主催: 日本霊長類学会
会議名: 日本霊長類学会大会
回次: 35
開催地: 熊本
開催日: 2019/07/12 - 2019/07/14
肩甲骨と体幹をつなぐ筋に着目し、チンパンジーとリスザルの腹鋸筋(SV)、肩甲挙筋(LS)、菱形筋(Rh)の筋形態とその支配神経を調査した。これら3筋は、全て肩甲骨内側縁に停止する筋である。SVはチンパンジーで上位11肋骨、リスザルで上位10肋骨程より起始し、肩甲骨内側縁に停止していた。SVの支配神経はチンパンジーでC5-7, リスザルでC6,7であった。LSはチンパンジーでC1-4横突起、リスザルでC1-6横突起より起始し、肩甲骨内側縁の上1/3に停止していた。LSの支配神経は、チンパンジーでC3,4, リスザルでC4,5であった。Rhは、チンパンジー・リスザルともC5-Th4棘突起より起始するほか、リスザルでは後頭骨より起始し肩甲骨上角付近に停止する筋束がみられた。
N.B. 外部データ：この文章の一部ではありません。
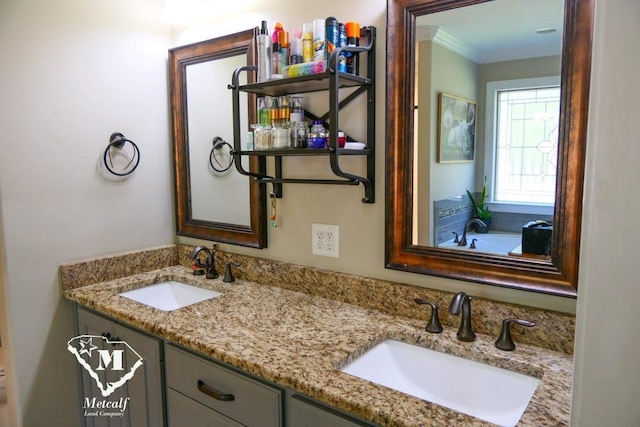 bathroom with ornamental molding, a bath, and double sink vanity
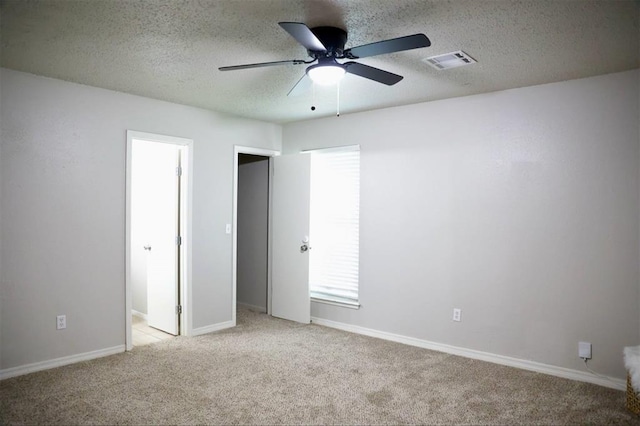 3012 SE 55th St, Oklahoma City, OK 73135 - unfurnished bedroom with light colored carpet, a textured ceiling, baseboards, and ceiling fan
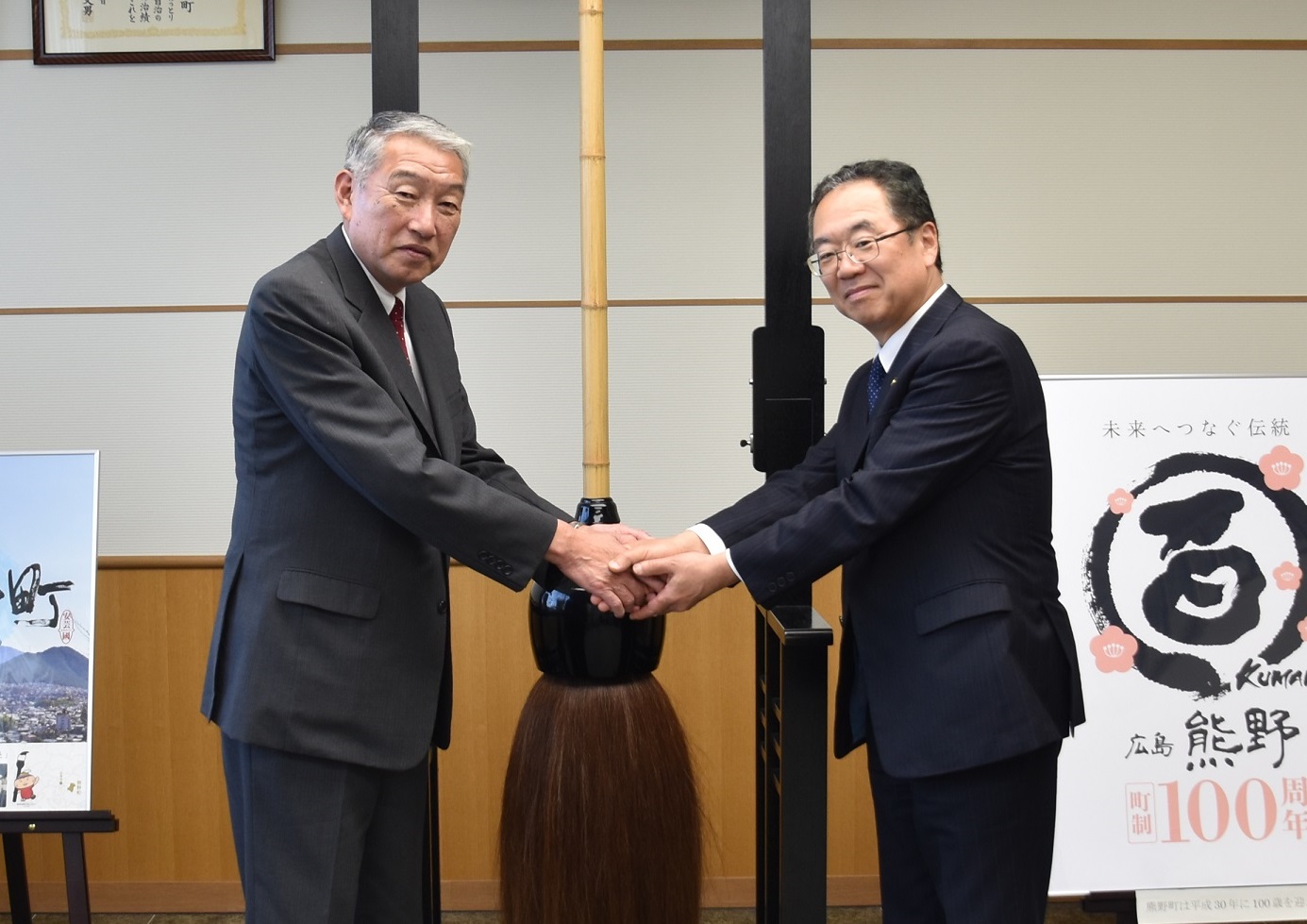 熊野筆の前で笑顔を浮かべ握手を交わす川上市長と三村町長の写真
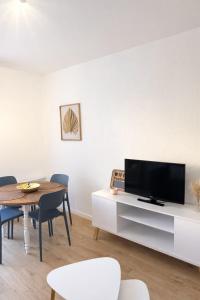 a living room with a television and a dining room table at Appartement deux pièces élégant avec Vue sur Parc - Plage & Centre-Ville à Pied in Cabourg
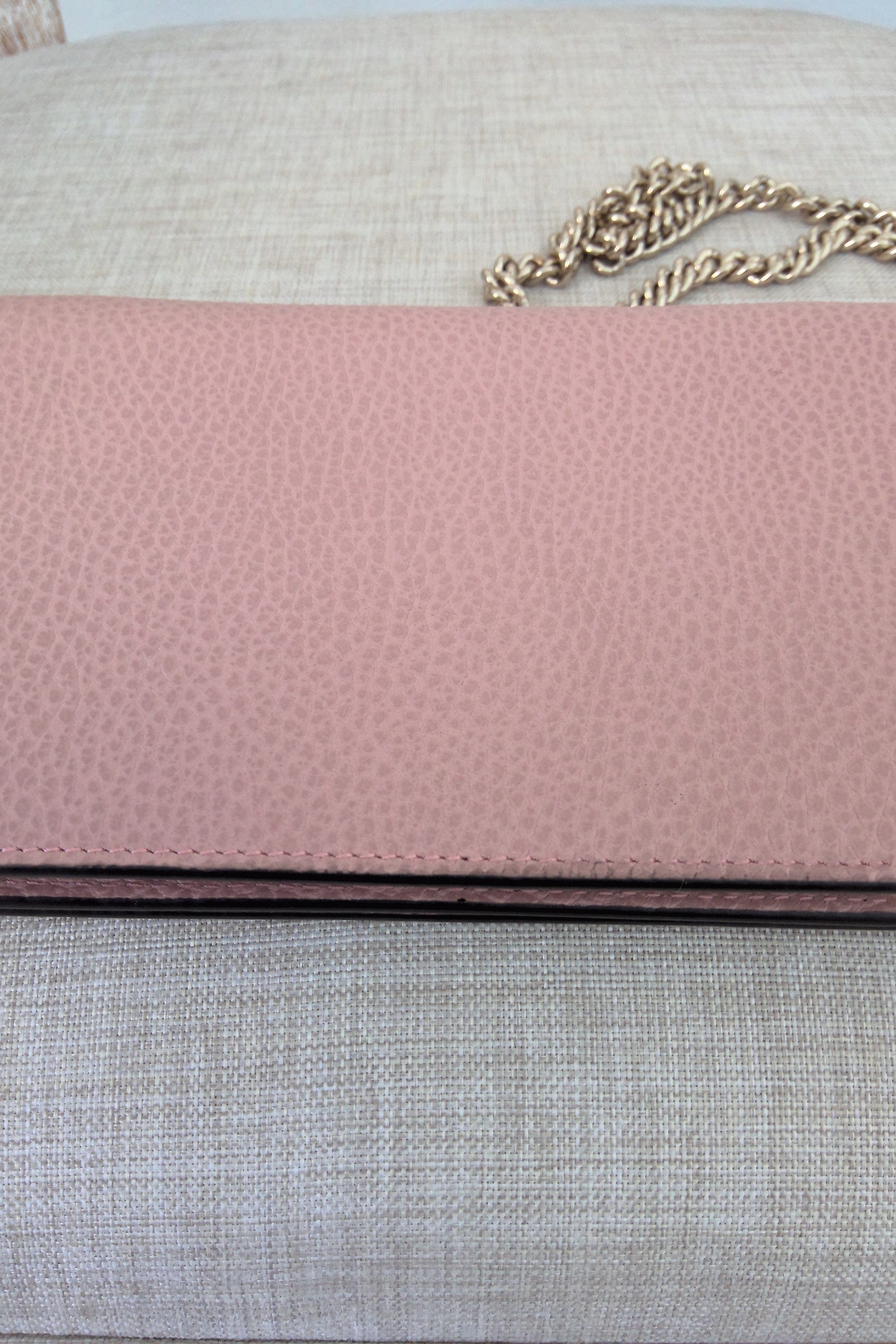 Close-up of a pink textured surface with a gold chain on a neutral background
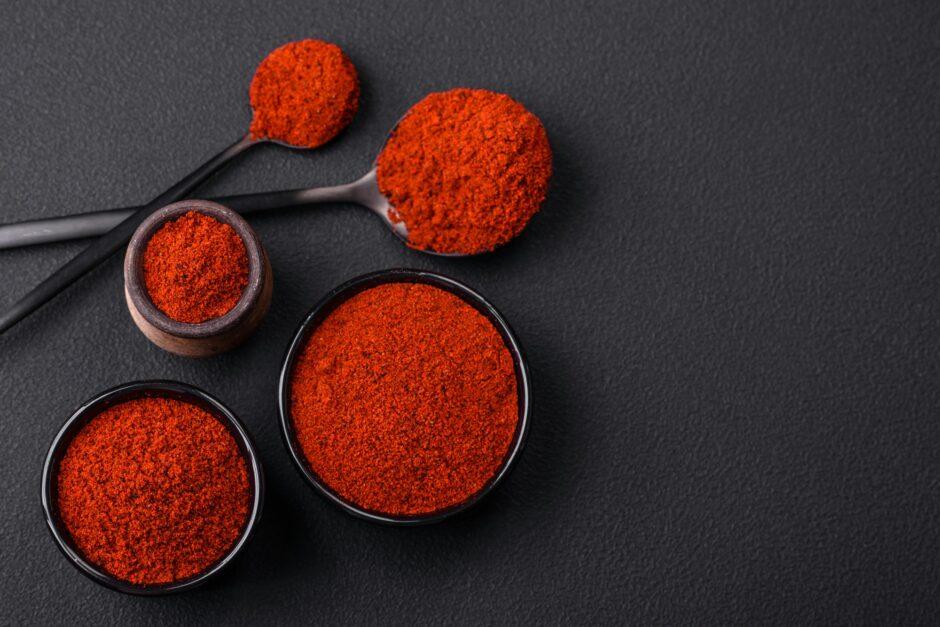 Spice smoked paprika in the form of powder in bowls and spoons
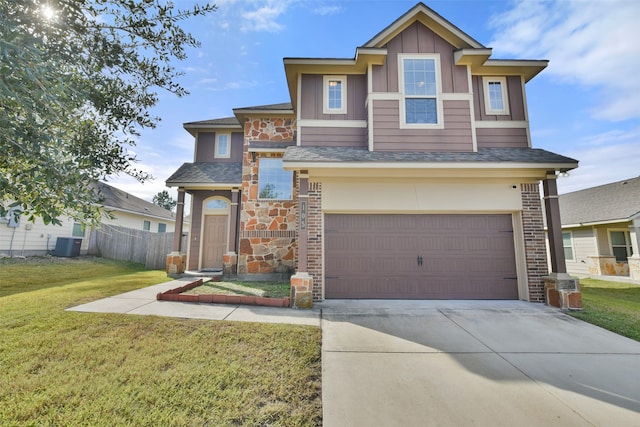 view of front of home featuring a garage, central air condition unit, and a front lawn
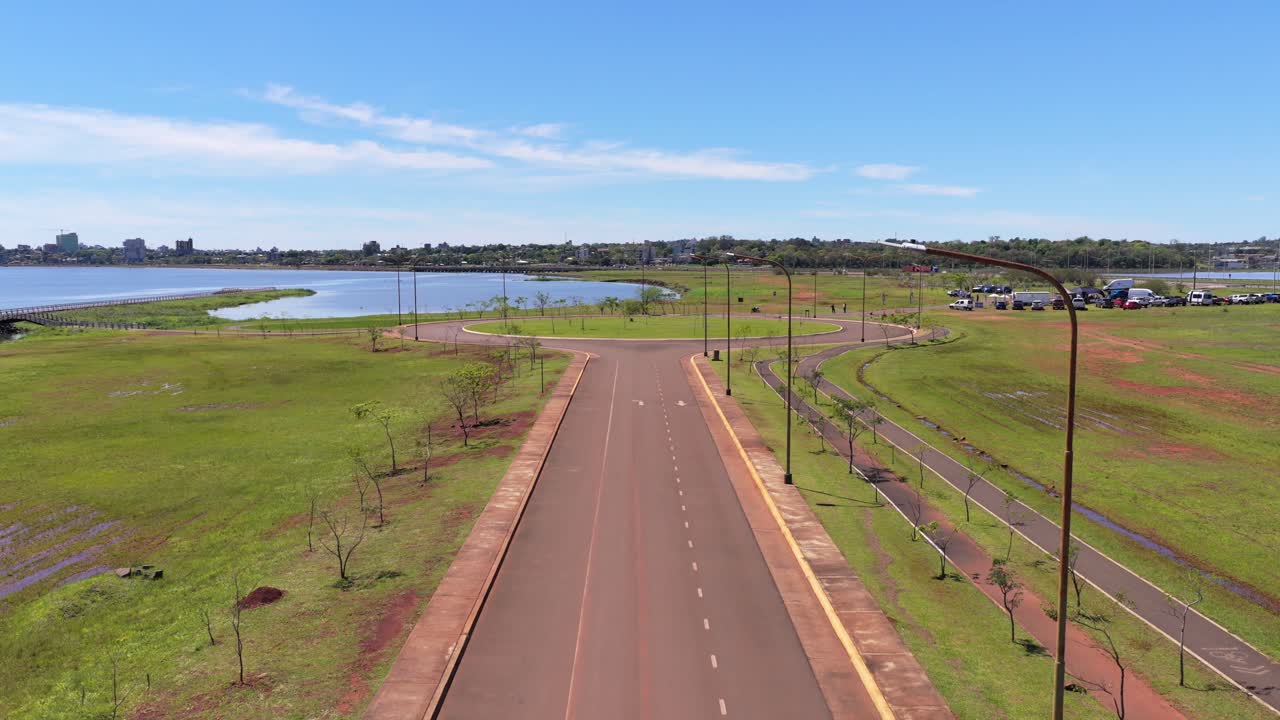 Pickup truck travels a straight road bordered by green space, with glimpses of the Paraná River and Posadas city beyond in Misiones, Argentina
Rhの支配神経にはC4,5が分布し、リスザルにみられる後頭骨起始部にはC3が分布していた。チンパンジーSV・LS・Rhは、筋形態・支配神経ともヒトと類似しており、類人猿に共通した形態であることが示唆される。一方リスザルは、LSの起始頸椎がヒト・チンパンジーよりも多い点、Rhに後頭骨起始部を持つ点が異なる。LSは、カニクイザルやブタ胎仔などでは全頸椎に起始を持ち、リスザルの形態は中間的ともいえる。Rh後頭骨起始部を持つ種は、カニクイザル・マーモセット・ブタ胎仔等がある。この筋は起始停止の位置関係から、四足姿勢において頭部を抗重力的に支持しているものと考える。またリスザルは、各筋の支配神経においてもヒト・チンパンジーとは差異がある。リスザルの支配神経構成はマーモセット(Emura, 2017)と類似しており、広鼻猿の小型霊長類に共通した形態である可能性が示唆される。以上の点について、本年度借用したタマリンの所見を交え議論したい。本研究は京都大学霊長類研究所共同利用研究にて実施された。